Madison Birth Center Offers Breastfeeding Support
by Aszani Kunkler CNM, MSN, CLC
One of the great pleasures of midwifery practice at the Madison Birth Center is our ability to offer quality breastfeeding support to our clients. In our fragmented health care system, the model we promote is truly unique. Each member of our midwifery team holds a lactation credential, and we work closely, through home and birth center visits, to ensure the breastfeeding success of our clients. Our care philosophy reflects our deep belief in the benefits of breastfeeding, and begins even before pregnancy with breastfeeding education.
Once the baby is born, she is placed skin-to-skin with her mother under warm blankets for an extended period of time. All vital signs are performed with the baby in her mother's arms, and she is not removed for weighing or measuring until she's had a good nursing session. Signs of readiness to nurse are pointed out to the parents, and the infant is encouraged to latch onto the nipple. When necessary, the new babe is assisted with the first latch, but we do not impede the infant's own process, which we know leads to a stronger instinct to suckle. At home visits, both the newborn and new mother are carefully assessed, and breastfeeding support is an important part of the visit.

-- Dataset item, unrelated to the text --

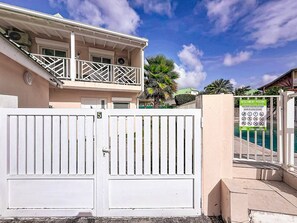 Entrada fechada por portão para uma propriedade com área de piscina, varanda e placa com as regras da piscina.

When we see breastfeeding problems, birth center midwives visit the mother-baby dyad more frequently until nursing is well established and the mother and baby are thriving.
Riley and Anna (their names have been changed to protect their privacy) are one example. Little Anna was born in the birth tub at the birth center one beautiful spring day. She nursed well before discharge and her mother was well versed in how and when to offer the new baby the breast. At the first home visit, Anna's weight had dropped 8 percent. All babies lose some weight as their mother's milk comes in, but a 10 percent weight loss is the point at which intervention needs to occur, and an 8 percent loss in the first day bodes careful monitoring. In Anna's case, she was nursing well and often, but was fussy. One of Riley's nipples was a little more flat than the other, and this was a challenge for both mother and baby. The home visit focused on soothing the baby so she would nurse, and working on a good latch, especially on the flatter nipple. The plan was to see the pair in two days unless things didn't go well overnight.
The next morning Riley called with an urgent appeal for another home visit, the sooner the better. It had been a rough night, and Anna had been screaming unceasingly for two hours, despite being offered the breast several times. After finishing another home visit, I made my way to their home. Anna's mucus membranes were dry, she was more jaundiced than the day previous, and she was obviously hungry. She was 10 percent under her birth weight and Riley's flatter nipple was cracked and painful. I sent Riley's husband out to buy formula and taught the family how to syringe feed Anna with it. So what, you may be asking, is a midwife doing encouraging the use of formula?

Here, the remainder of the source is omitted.